Two Phase Finality
Introduction
Finality refers to the act of notarizing, recording, and sharing a transaction with all of its participants. Finality enables ledger consistency.
An initiator uses the built-in flow called FinalityFlow
to finalize a transaction:
- Send the transaction to the chosen notary and, if necessary, satisfy the notary that the transaction is valid.
- Record the transaction in the local vault, if it is relevant (that is, it involves the owner of the node).
- Send the fully signed transaction to the other participants for recording also.
One or more receivers use the built-in flow ReceiveFinalityFlow
to receive and record the finalized transaction.

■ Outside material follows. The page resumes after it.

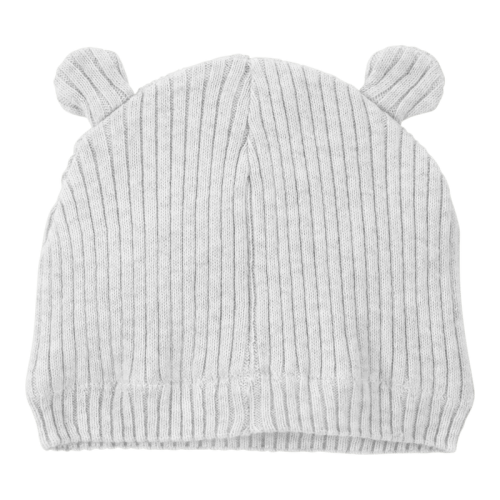 Taupe Baby 3D Ear Beanie | Carter’s Oshkosh Canada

Conventional implementation
Up until Corda 4.10, the finality flow protocol was implemented using a single pass transaction sharing mechanism as depicted below:
- Peers only received the finalized transaction after successful notarization.
- Recovery was only possible at the initiator side, as peers had no record of a transaction until finality.
- Failure conditions may have led to ledger inconsistency, requiring manual intervention for recovery.
Two Phase Finality (2PF)
To address the shortcomings of the conventional protocol, Two Phase Finality introduces a multi-phased protocol whereby:
- All parties have a copy of the unnotarized transaction. (Phase 1)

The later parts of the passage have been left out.